> [The data]:
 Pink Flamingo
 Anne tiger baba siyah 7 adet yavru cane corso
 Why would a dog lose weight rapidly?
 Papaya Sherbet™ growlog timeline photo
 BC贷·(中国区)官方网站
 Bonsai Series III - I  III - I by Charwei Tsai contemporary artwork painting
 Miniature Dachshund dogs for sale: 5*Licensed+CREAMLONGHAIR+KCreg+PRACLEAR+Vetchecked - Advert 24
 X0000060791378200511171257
* * *
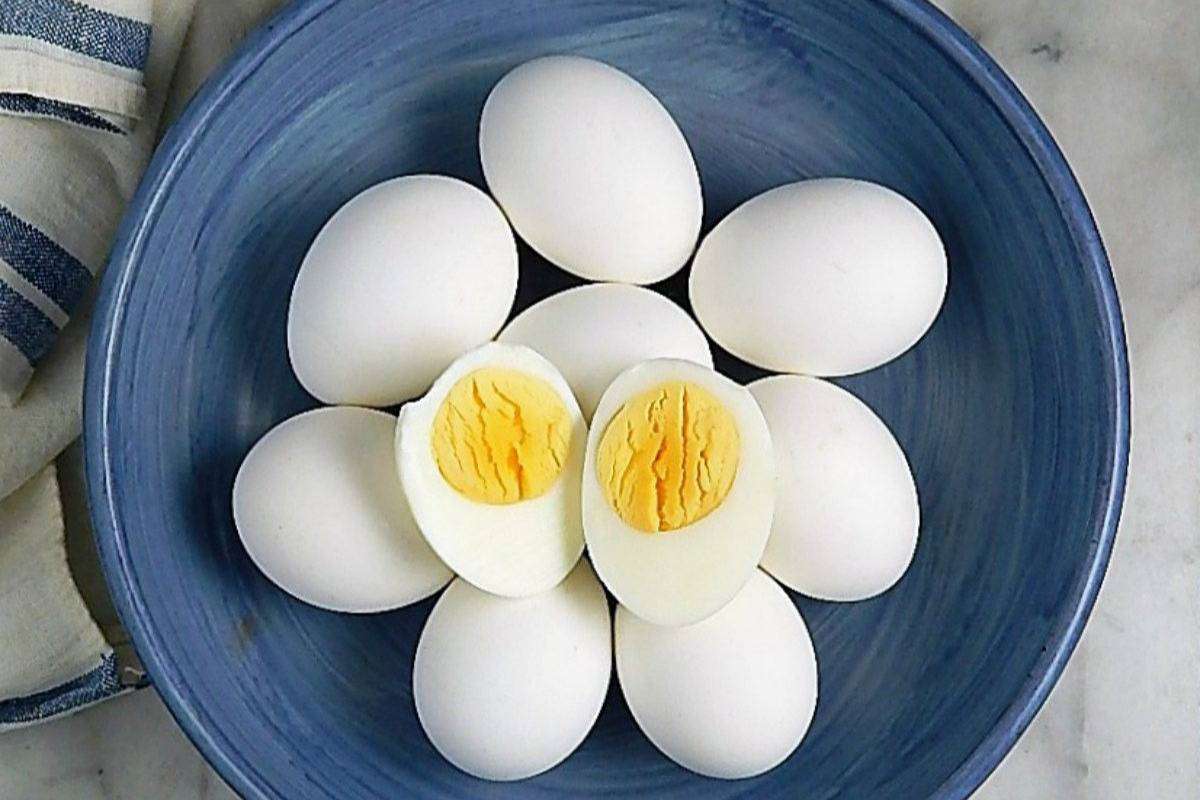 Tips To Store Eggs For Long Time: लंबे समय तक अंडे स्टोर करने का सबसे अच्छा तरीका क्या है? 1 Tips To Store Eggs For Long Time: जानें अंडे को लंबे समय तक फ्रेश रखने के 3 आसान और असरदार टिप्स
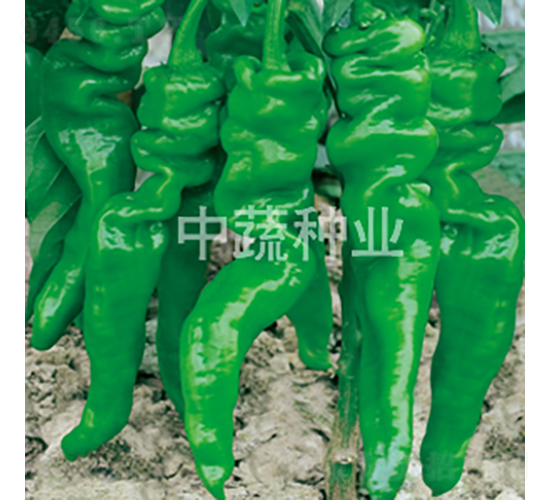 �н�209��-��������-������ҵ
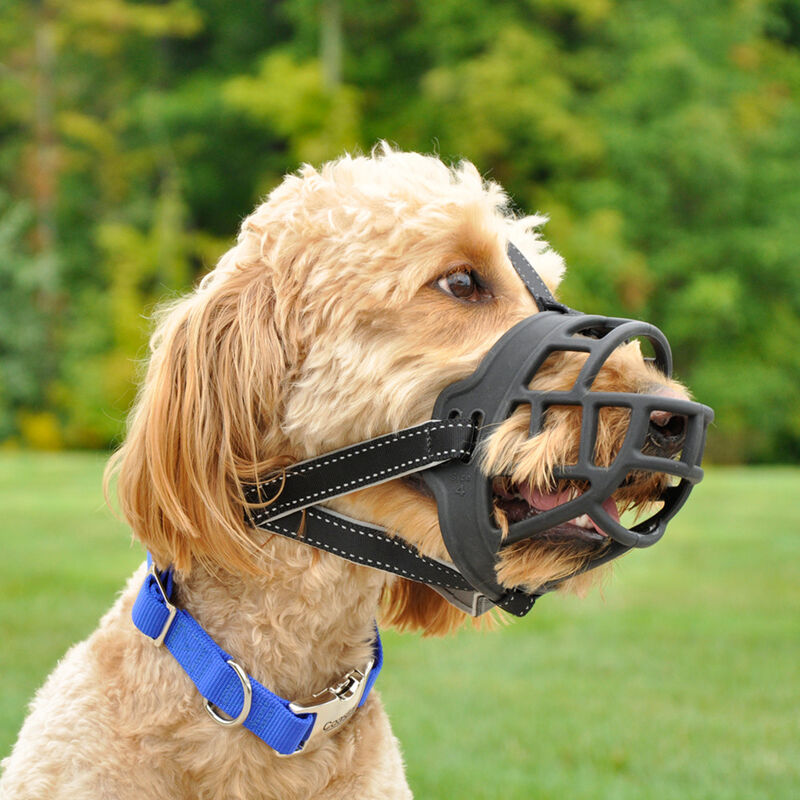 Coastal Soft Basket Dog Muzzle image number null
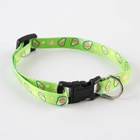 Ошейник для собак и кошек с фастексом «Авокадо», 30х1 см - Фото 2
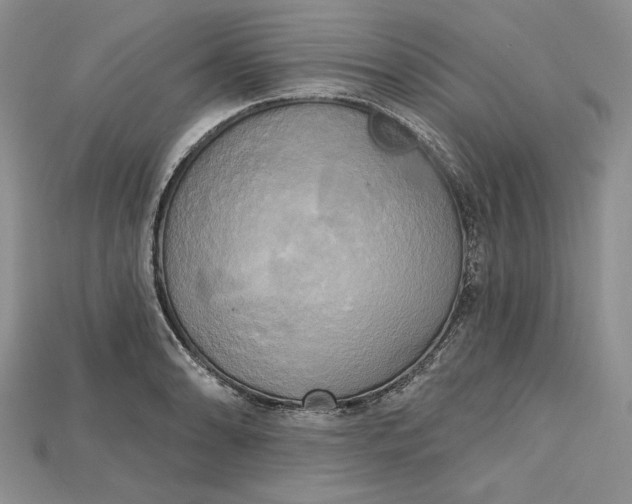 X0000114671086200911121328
==
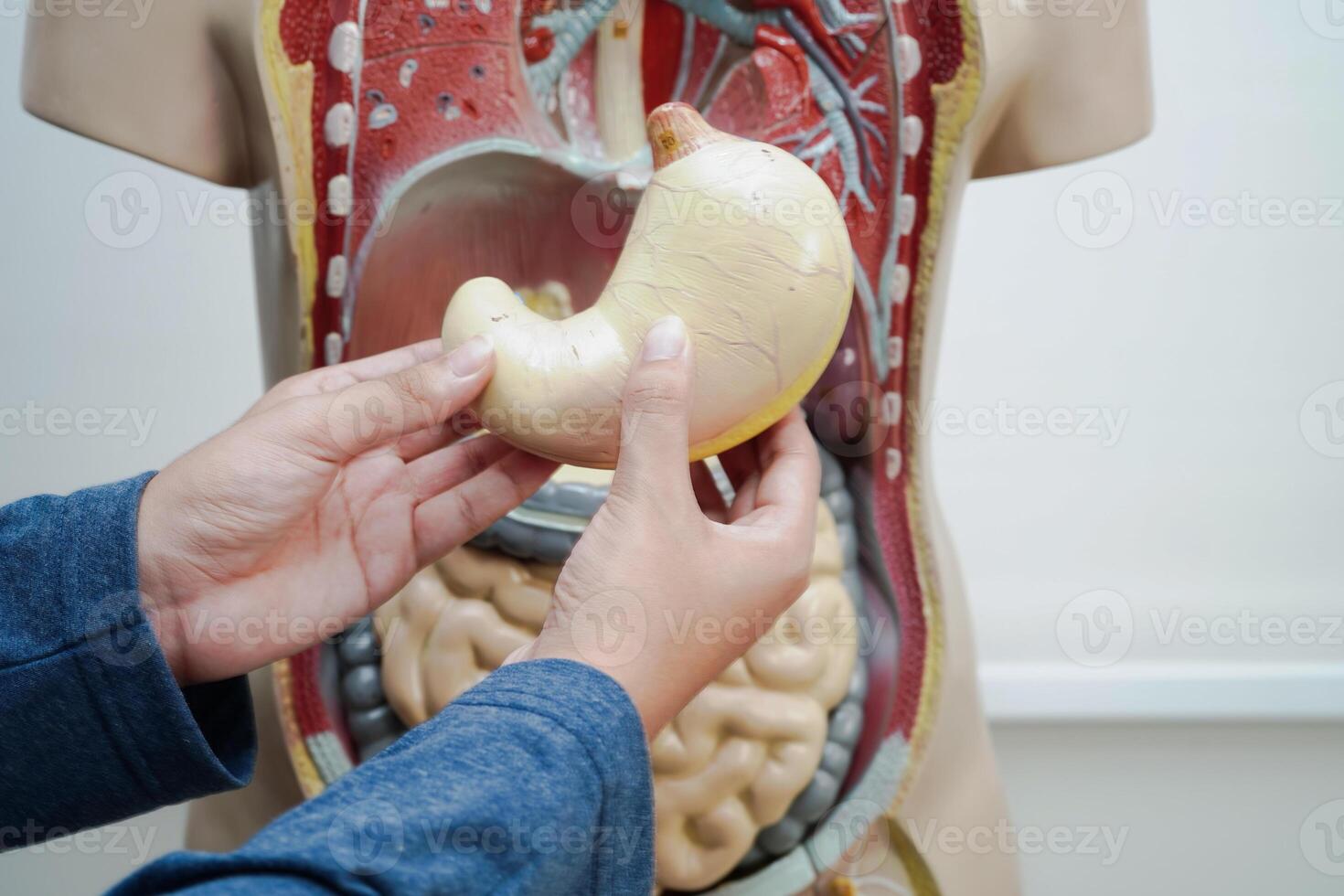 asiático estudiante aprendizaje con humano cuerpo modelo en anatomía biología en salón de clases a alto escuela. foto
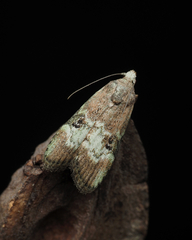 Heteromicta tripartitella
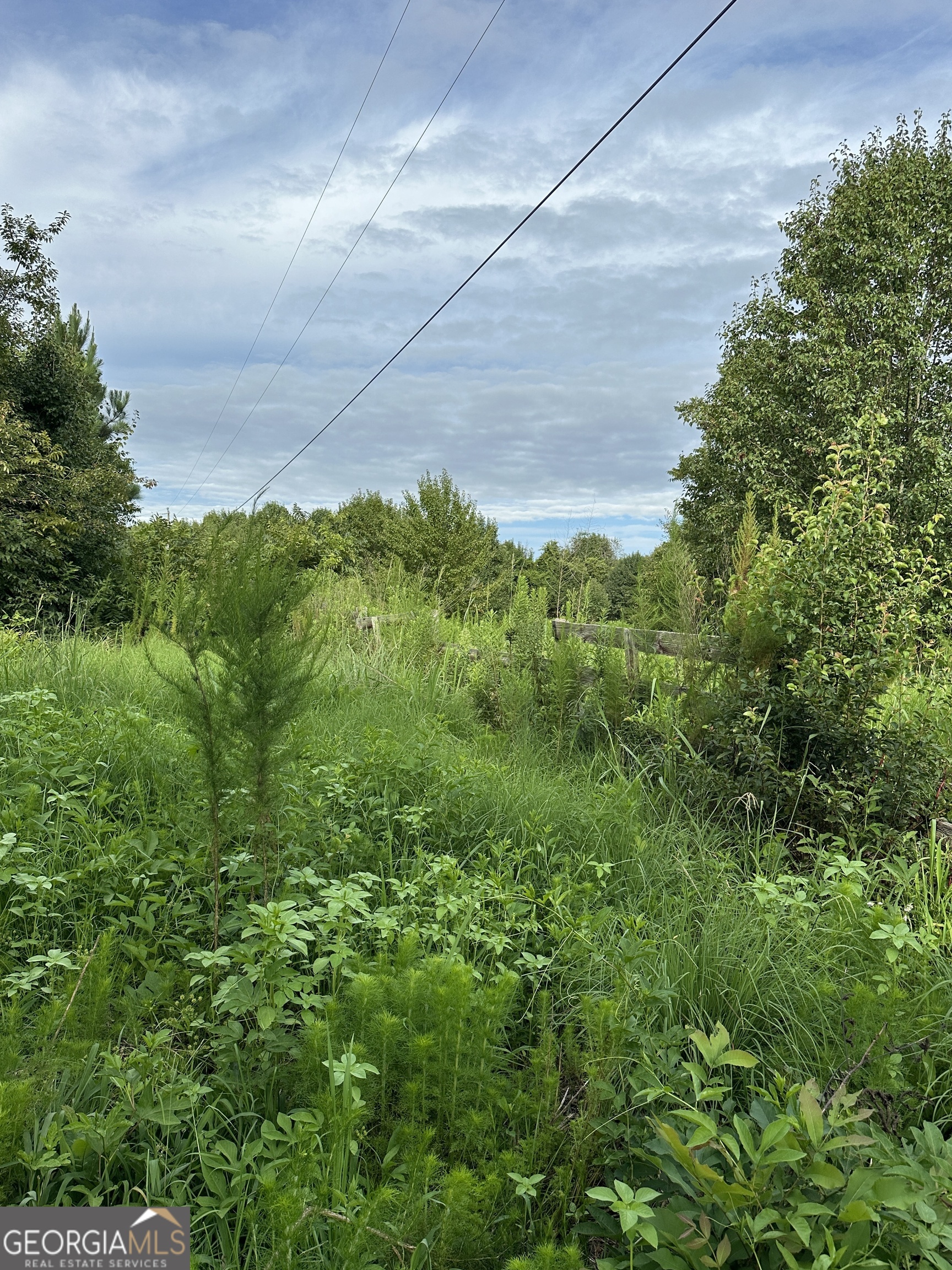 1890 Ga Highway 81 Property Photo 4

> [Try it]: Return, unchanged, the run of lines above that opens with the line containing "Pink Flamingo" and closes with the line containing "X0000060791378200511171257". Include both.

> [Problem solution]:
 Pink Flamingo
 Anne tiger baba siyah 7 adet yavru cane corso
 Why would a dog lose weight rapidly?
 Papaya Sherbet™ growlog timeline photo
 BC贷·(中国区)官方网站
 Bonsai Series III - I  III - I by Charwei Tsai contemporary artwork painting
 Miniature Dachshund dogs for sale: 5*Licensed+CREAMLONGHAIR+KCreg+PRACLEAR+Vetchecked - Advert 24
 X0000060791378200511171257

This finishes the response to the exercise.